This storm system was predicted several days ahead of time as the National Weather Service and other meteorological organizations monitored volatile atmospheric conditions that were ideal for tornado outbreaks. On Sunday, the NWS issued a ‘high risk’ alert for severe weather in eastern Illinois, Indiana, and parts of Ohio and Michigan. Even Chicago wasn’t spared severe winds and heavy rains that caused damages, impeded roads, and even forced the cancellation of the Bears game at Soldier Field. This early tracking and warning likely saved thousands of lives as tornadoes began touching down Sunday. Though numerous small towns were leveled and property damage to homes and business abounds across the region, the low death toll is no doubt a result of the consistent monitoring and early warning systems.

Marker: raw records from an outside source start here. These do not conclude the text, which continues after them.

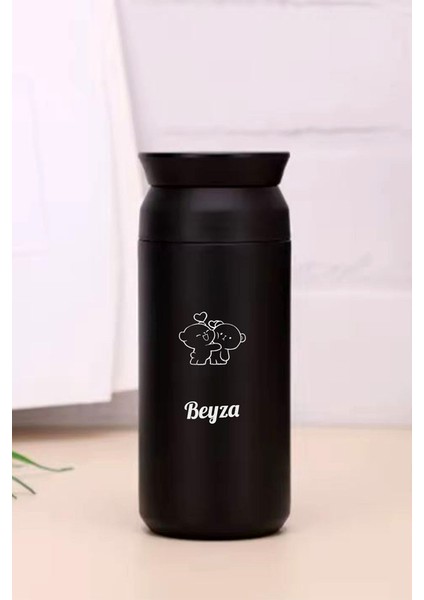 Kişiye Özel 500 ml Paslanmaz Çelik Ayıcık Baskılı Termos 8 Saat Isı Koruma Kahve ve Çay Termosu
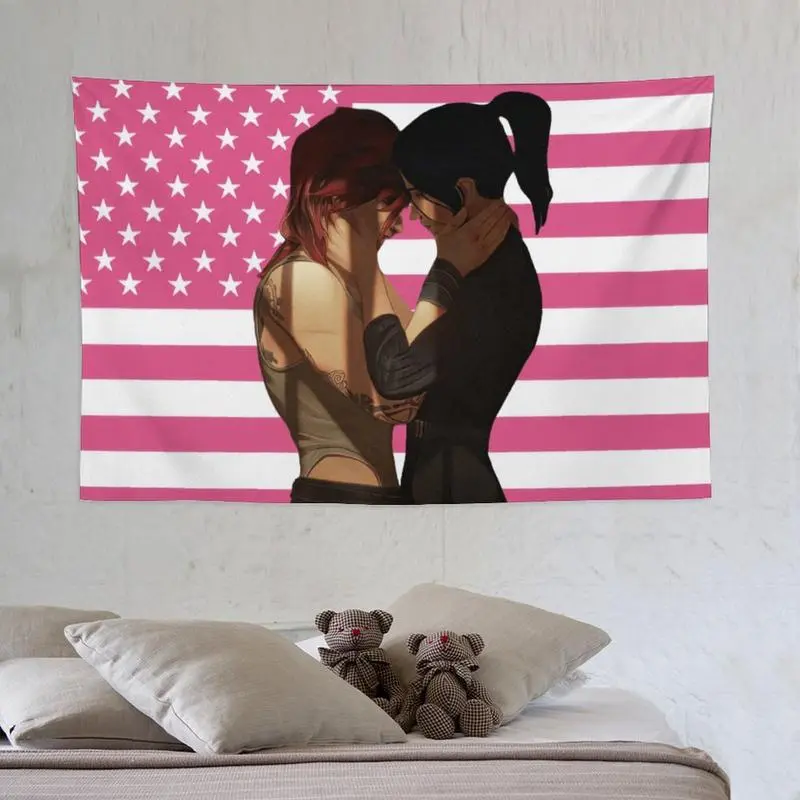 Caitlin Arcane Anime Cotton Tapestry, Pink American Flag Design, Cute Aesthetic Indoor Decoration for Room & Dorm, Home Decor Gift, Indoors, Linen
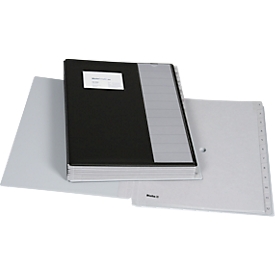 Pupitre Biella Pronto, pour DIN A4, numérique 1-12, L 330 x l 280 x H 32 mm, vinyle, noir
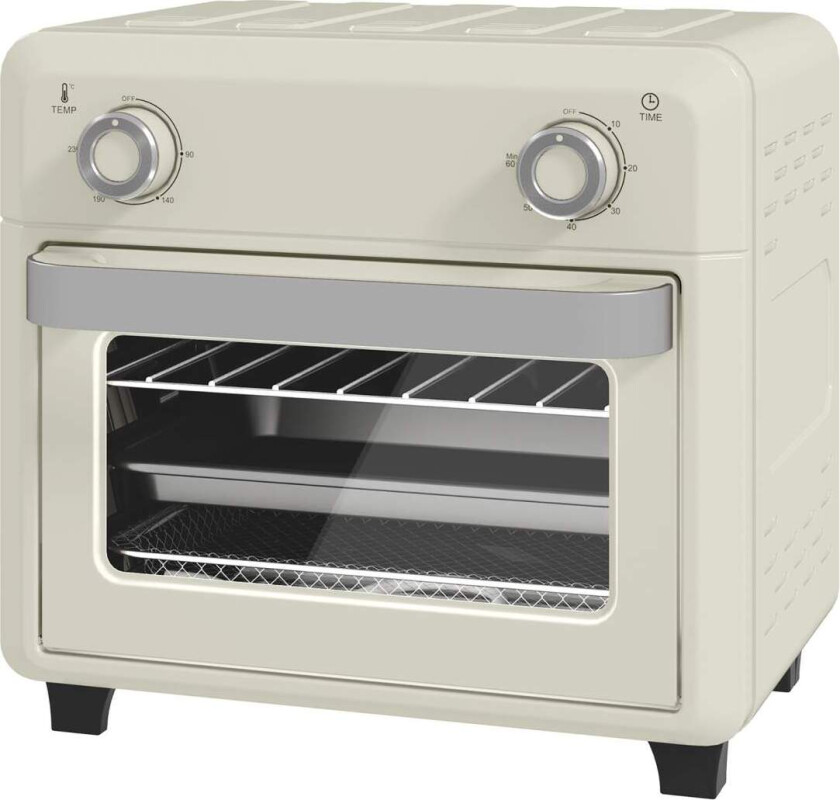 Bilde av Miniovn med sirkulasjonsluft 10L 2 i 1 miniovn med ovnsrist, stekebrett og smulebrett, 80°C-230°C varmluftfrityrkoker med berøri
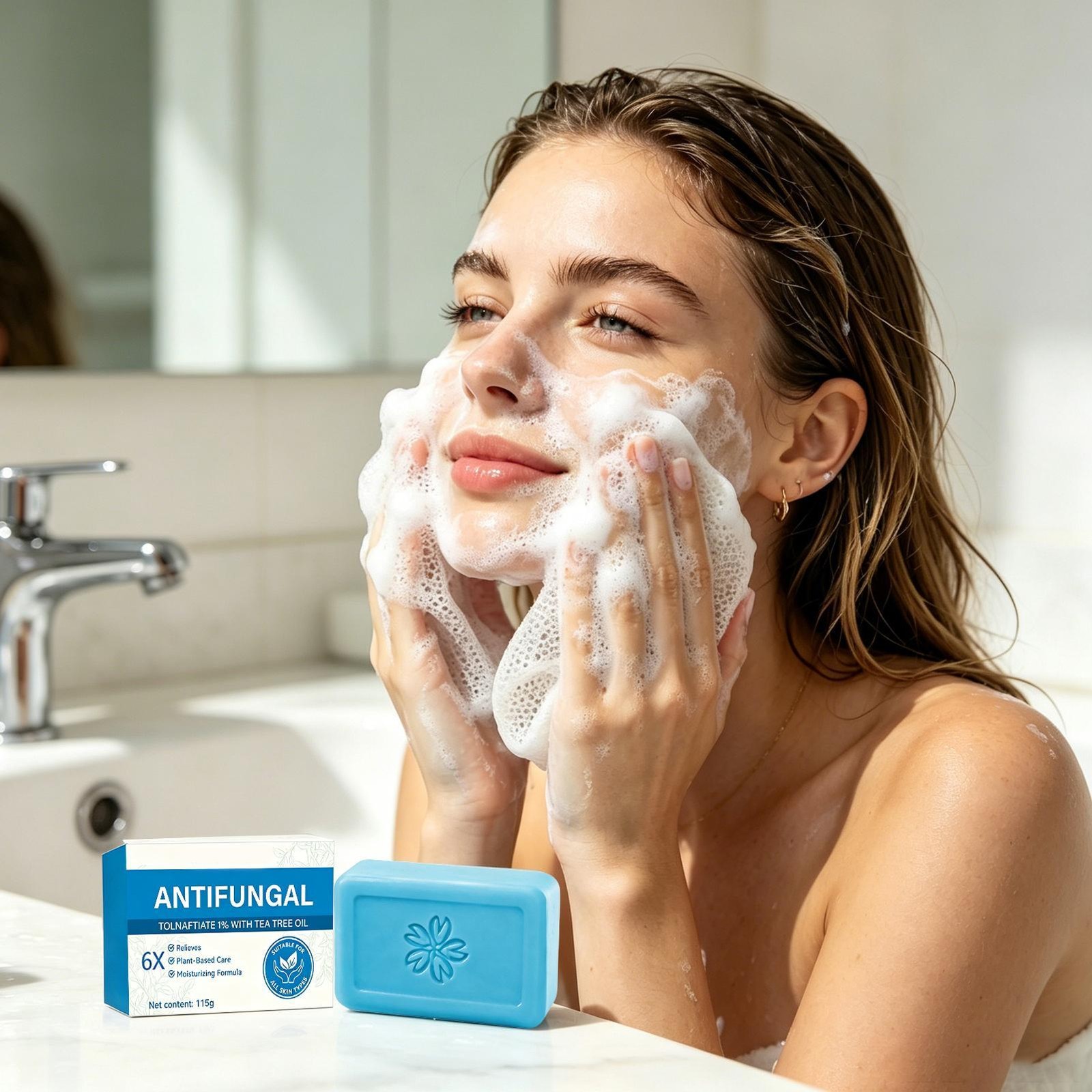 Hermon Antifungal Soap with Tea Tree Oil Antifungal Bar Soothing Care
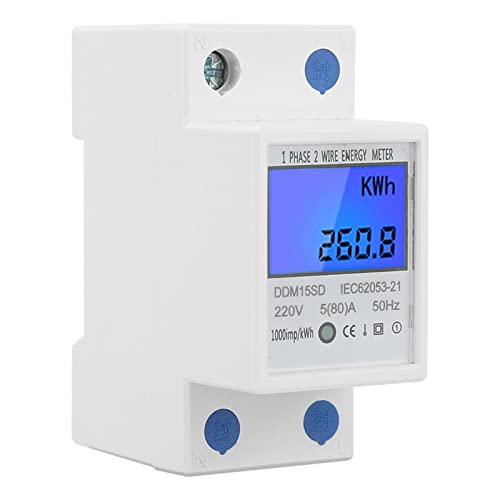Energy Meter 5-80A DDM15SD LCD Digital Backlight Single Phase Electronic Power KWh Meter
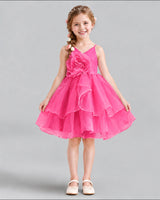 Hot Pink A-line Girls Formal Dress Front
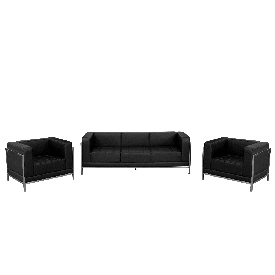 HERCULES Imagination Series Black LeatherSoft Sofa & Chair Set, ZB-IMAG-SET3-GG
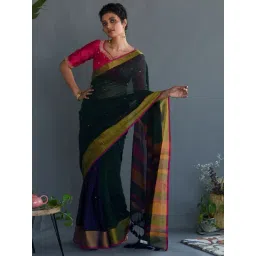 Suta Bottle Green Cotton Embellished Saree Without Blouse-picture-29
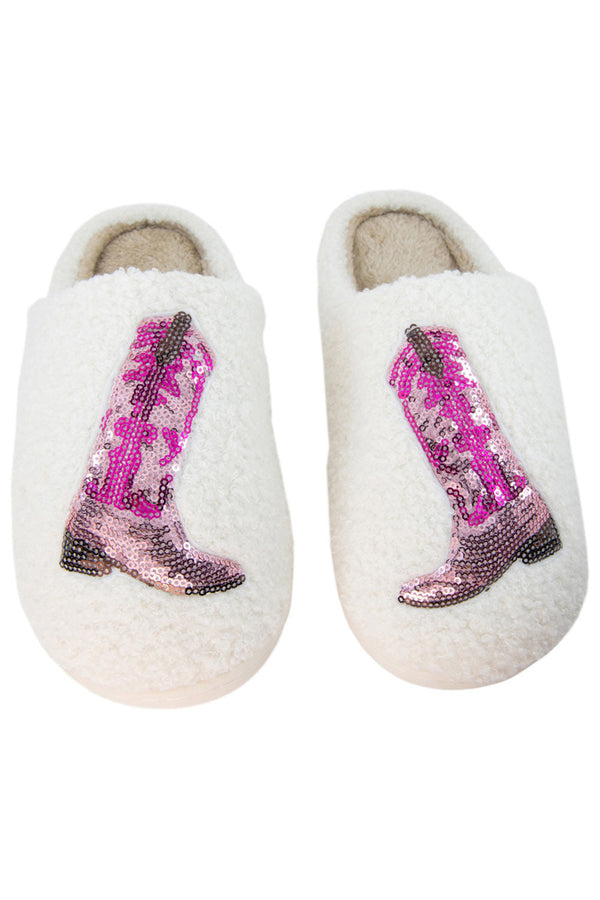 Pink Boot Slippers Pink Sequin Kicking Boots Slippers | Katydid Wholesale
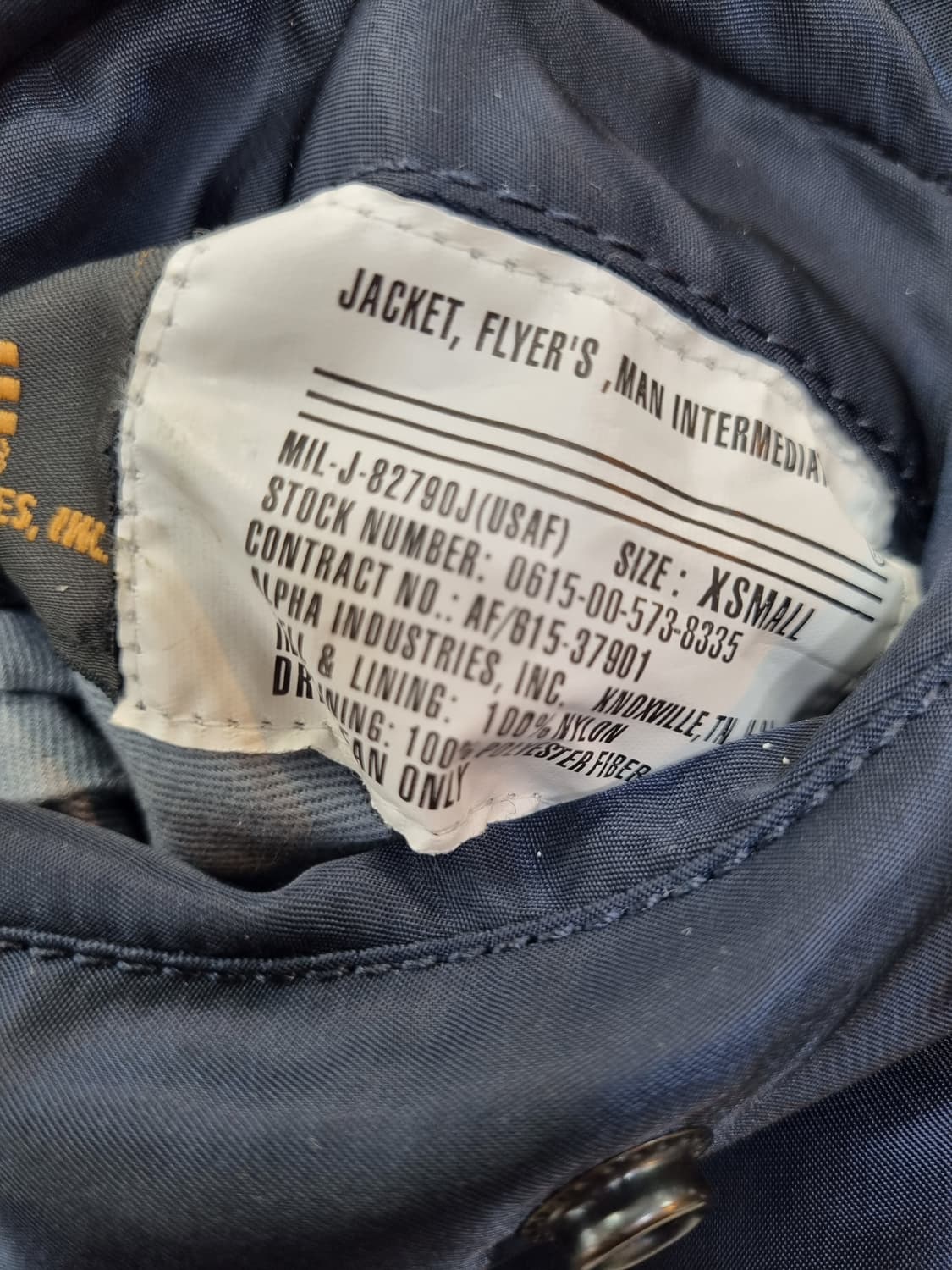 알파인더스트리 MA-1 네이비 XSMALL 상품이미지5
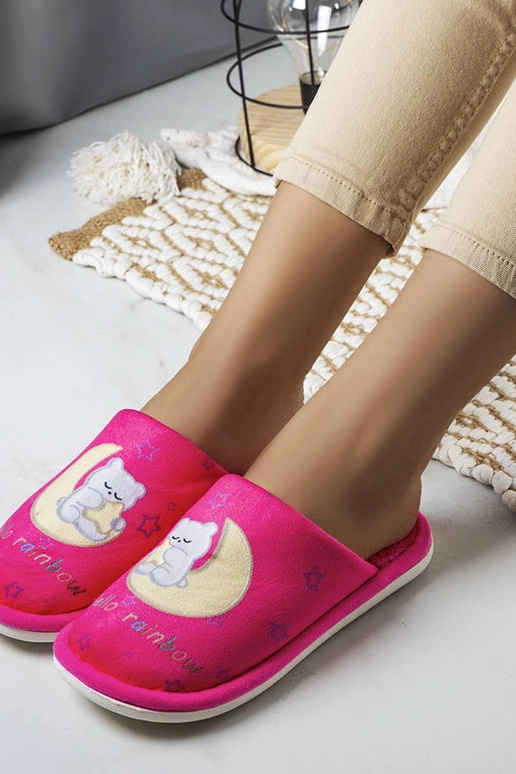 Chaussons arc-en-ciel doux rose fluo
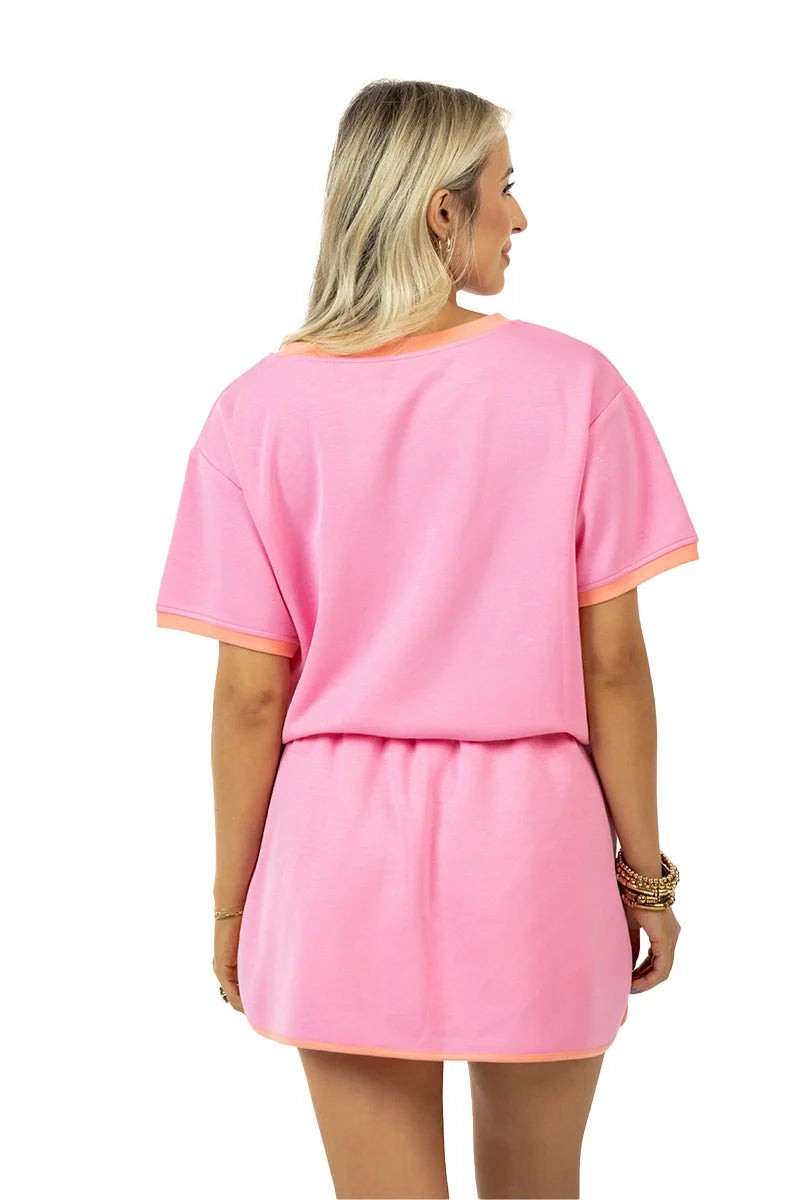 KATYDID PINK AND ORANGE CONTRAST CUTE MATCHING SKIRT SET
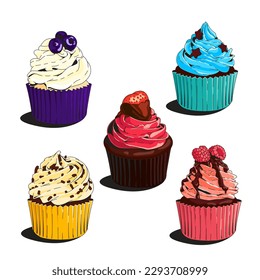 Cupcakes set. Vector illustration of cupcakes isolated on white background.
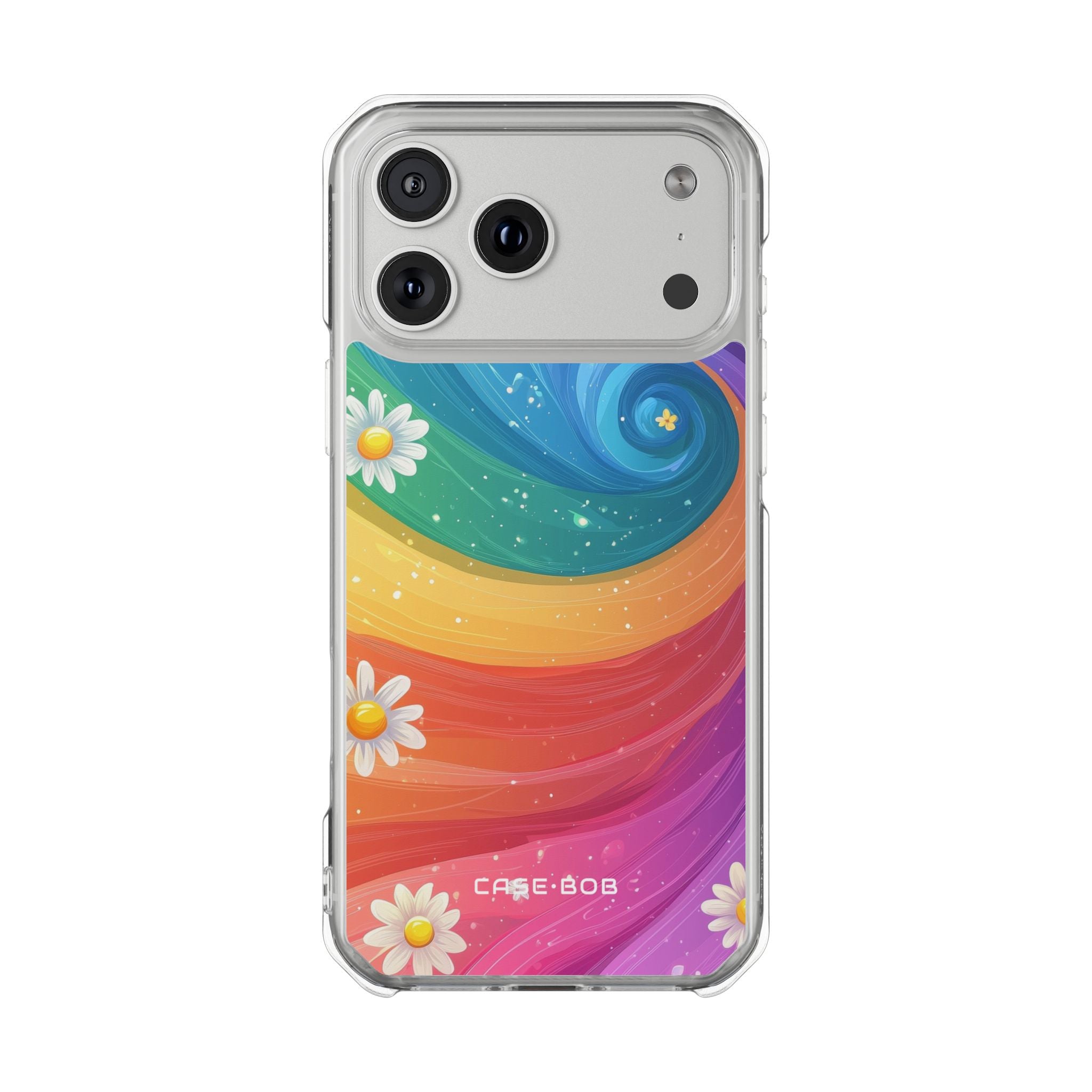 Rainbow Vortex Daisy iPhone 17 Pro Max Case - Impact
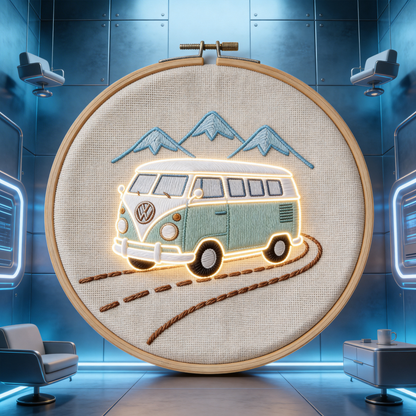 Vintage VW Bus Embroidery Hoop - Retro Travel Adventure Art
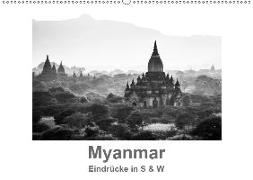 Myanmar - Eindrücke in S & W (Wandkalender 2019 DIN A2 quer)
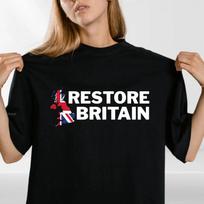Restore Britain T Shirt Rupert Lowe Politics Patriot British Anti Labour Top Tee L white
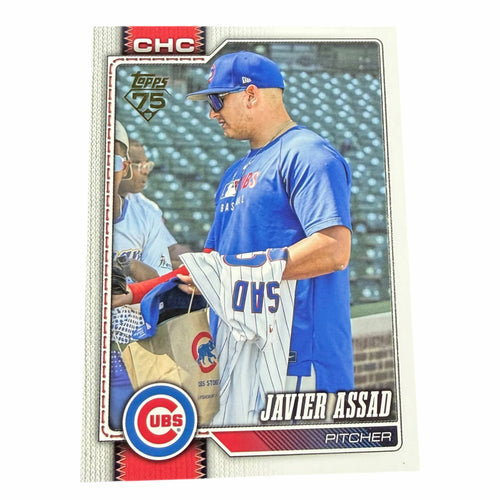Vangsworld, Inc 2024 Topps Javier Assad Chicago Cubs baseball trading card featuring the pitcher in team gear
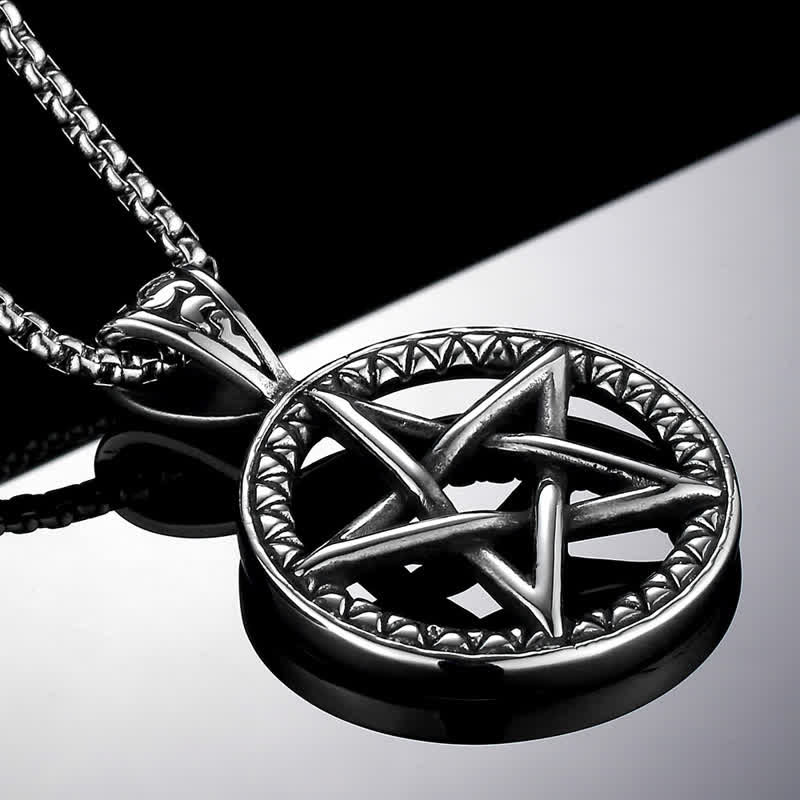 KarmaRipple's Pentagram Titanium Steel Balance Pendant Necklace p6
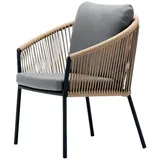 Xlmoebel Sessel Exklusives Elegant Modernes Rattan Grau Einzelsofa Terrasse Luxuriöse (Sessel), Hergestellt in Europa grau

The unstable atmospheric conditions that facilitated this outbreak of tornadoes are uncommon this time of year, as there is less mingling of warm Gulf air with cold mountain air, so the intensity and breadth of this storm system is all the more surprising. These storms serve as a reminder that severe weather can strike unexpectedly and that ongoing preparation is extremely important. Monitoring weather conditions and having an emergency response plan can save lives during severe weather like that of Sunday. While there is often no way to mitigate the damage to a home or business if it lies in a storm’s path, events like these illuminate the importance of good disaster insurance and preplanning. For those of us in the Midwest, this string of tornadoes has certainly made us more aware of the importance of comprehensive disaster preparation year round.